Ancak bu tarihsel çakışmayı her yönüyle kendimize mal edip bununla da övünüp duracak değiliz. Bugün o günden dersler çıkararak kendisini politikada konumlandıran başka parti ve yapıların olduğunu da açık yüreklilikle söylemek isteriz.
Eğer bugün 15-16 Haziran işçi direnişi anılacaksa bize kazandırdıkları ile ele alınıp anılmalı, rutin bir anma ile kimse ama kimse usandırılmamalıdır. Bu tarih bizim için daha başka derslerin olduğunu da bize anımsatmalı ki bugün içinde bulunduğumuz durumu doğru değerlendirip amacımız doğrultusunda doğru şeyler yapalım. Hiç unutmayalım ki geçmiş özlemine dönüştürülmüş bir şey kadar insanın elini ayağını bağlayan bir tehlike de yoktur.
Bu nedenle o günü bizlere kazandıran işçi sınıfı önderlerimizi tabi ki de özlemle anacağız.

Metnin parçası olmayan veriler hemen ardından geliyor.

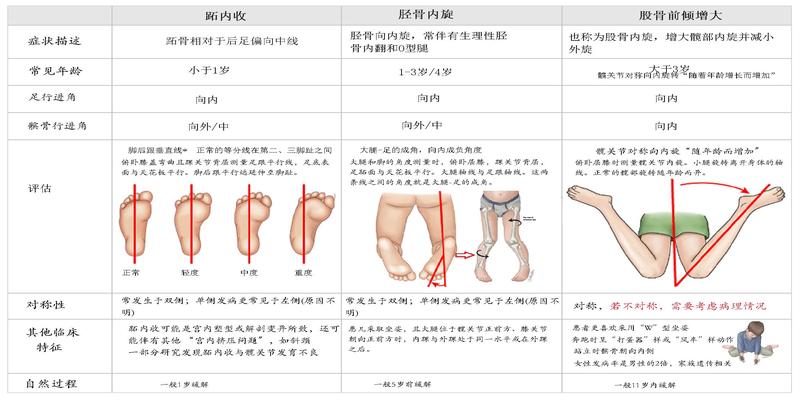 小孩走路内八字，需要担心么？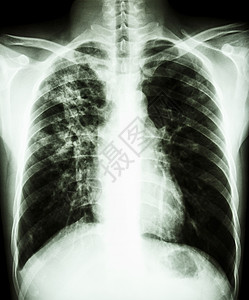 肺结核电影结核医院身体空气药品解剖学卫生诊断结核病图片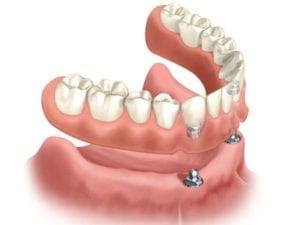 Illustration depicting how lower implant overdentures connect to the top of two dental implants.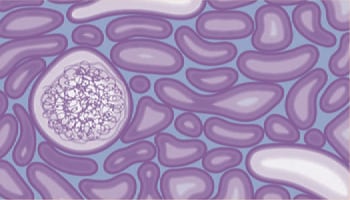 正常な腎臓の組織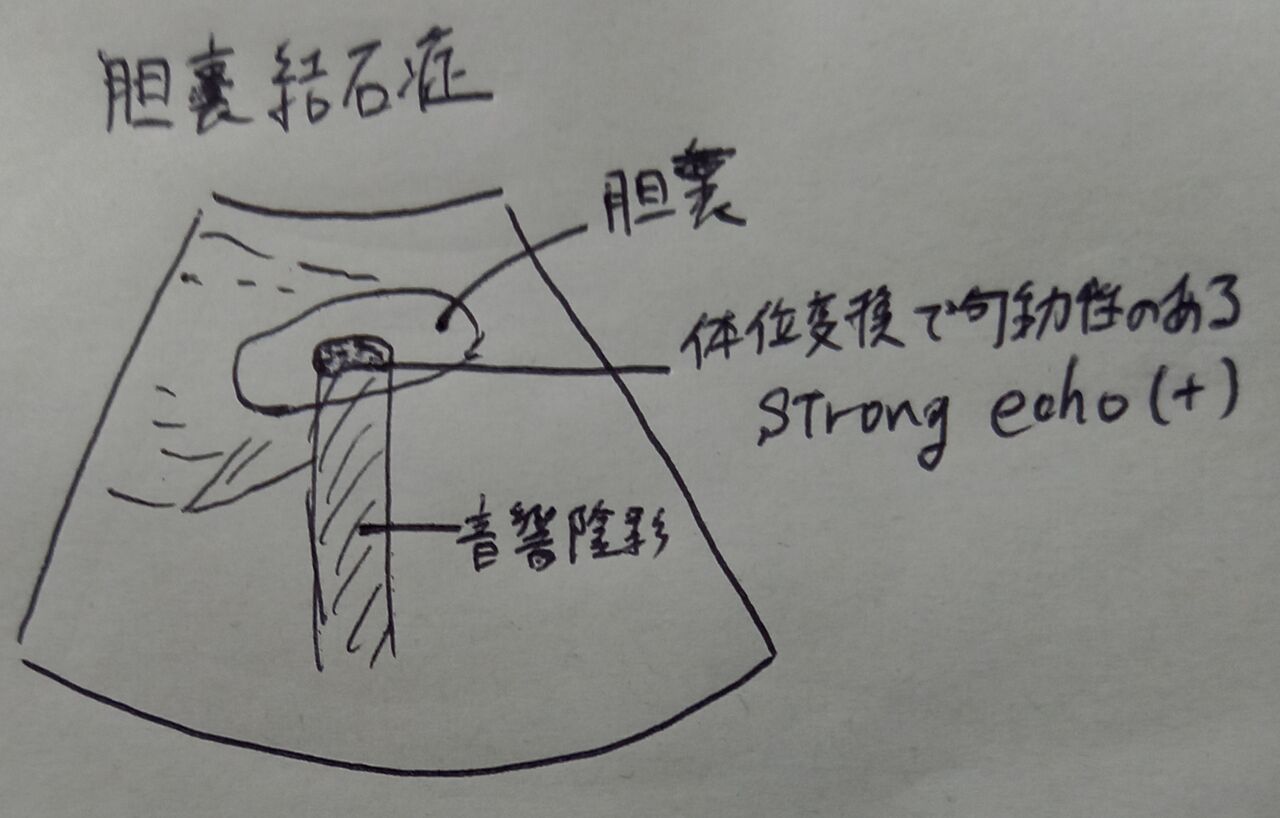胆嚢結石症 症例レポートの書き方のポイント 1記事3分 超音波検査士けんしんのエコーノート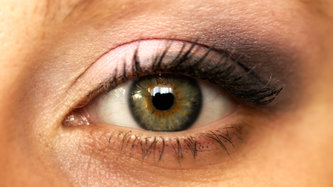 Nistagmus (Göz Titremesi) Nedir? Belirtileri ve Tedavisi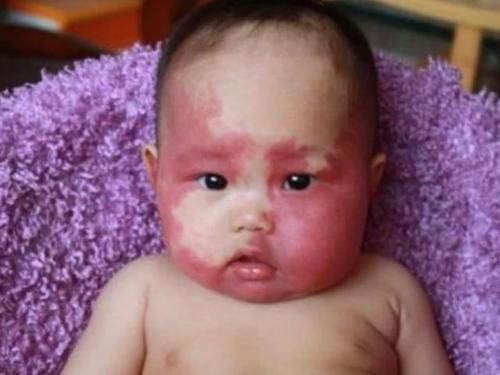 电器|女生怀孕后，4件事最好不做，避免宝宝身上会留下“胎记”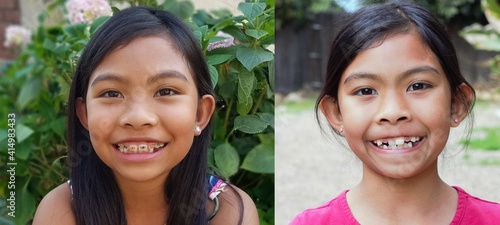 A girl with crooked teeth, and wearing braces of difent color.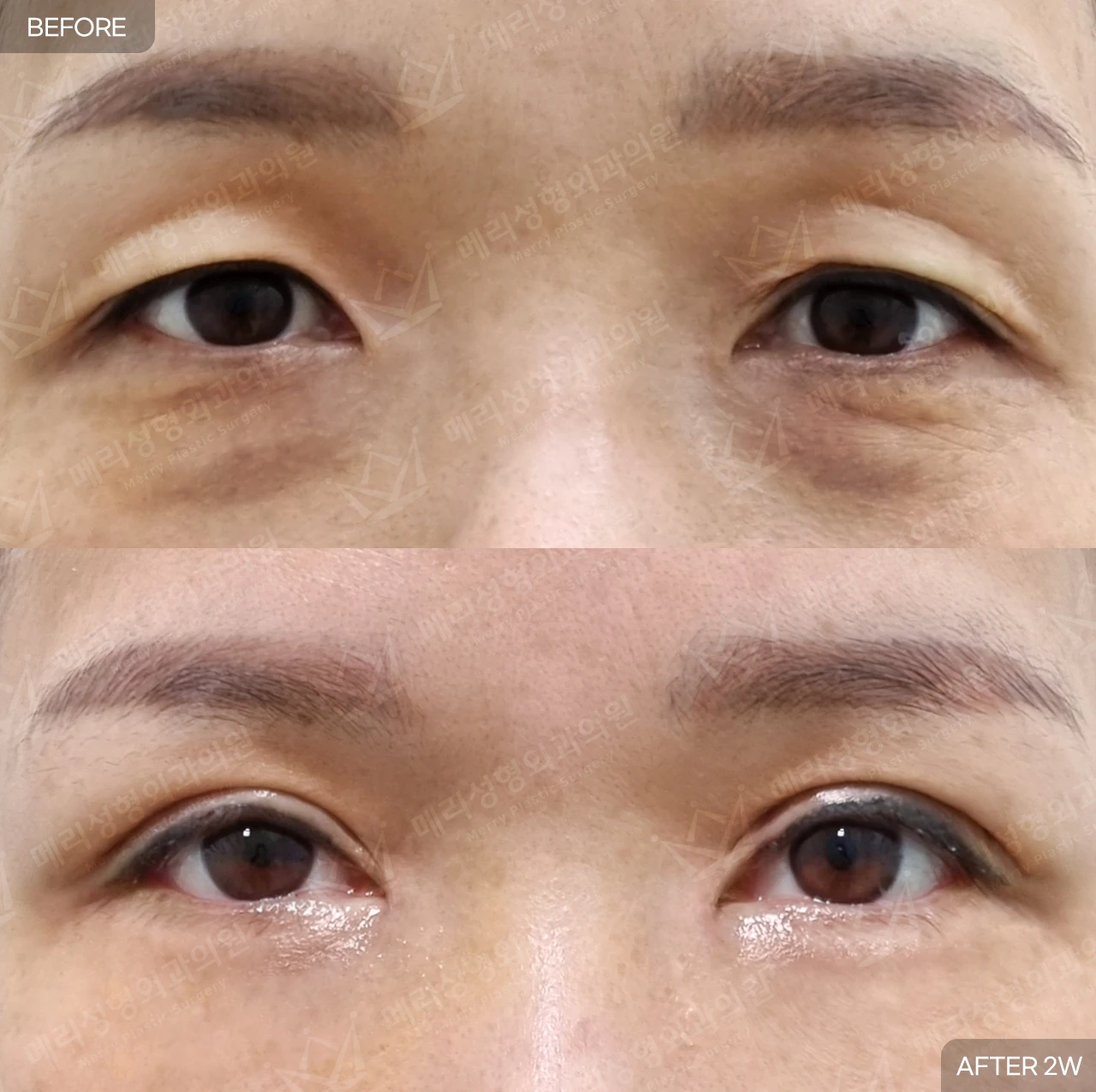 Upper eyelid surgery, ptosis correction and under-eye fat repositioning at Merry Plastic Surgery Clinic. Merry Plastic Surgery, Seoul: upper eyelid surgery, ptosis correction and under-eye fat repositioning — front view of the upper and lower eyelids, before and after comparison, 2 weeks follow-up.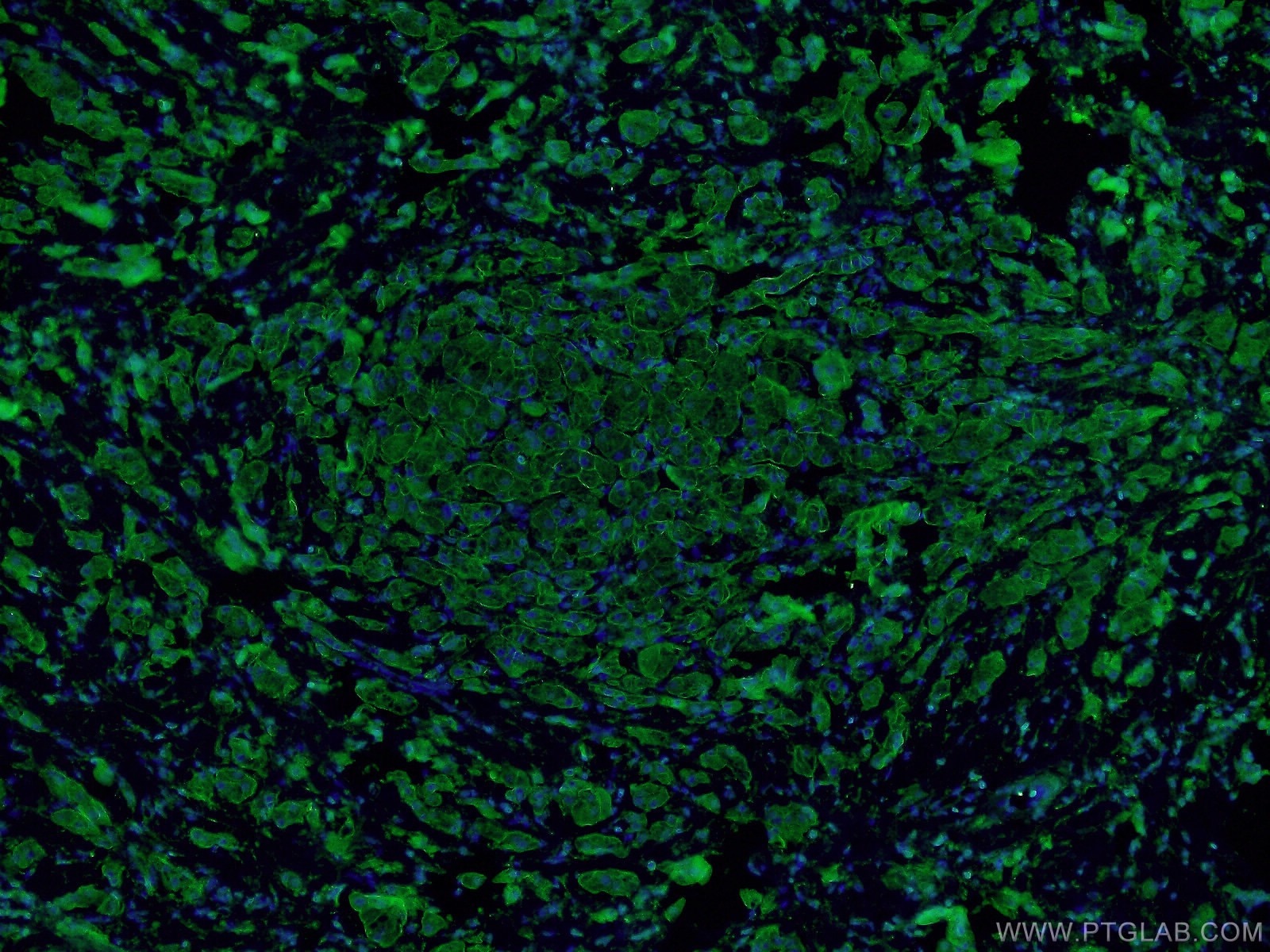 Immunofluorescence (IF) / fluorescent staining of human breast cancer tissue using E-cadherin Polyclonal antibody (20874-1-AP)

Tabi ki de o tarih bizim için önemli olduğu için ‘ŞAN OLSUN 15-16 HAZİRAN ŞANLI İŞÇİ SINIFINA BELGİSİ’ aklımızdan hiç çıkmayacak.
Tabi ki de kurtuluşumuzun sosyalizm silahımızın da parti olduğunu hiç mi hiç unutmayacağız ama bugün, yarın, daha sonra yeni yeni mücadele yöntemleriyle de dünyayı yerinden oynatmaya devam edeceğiz.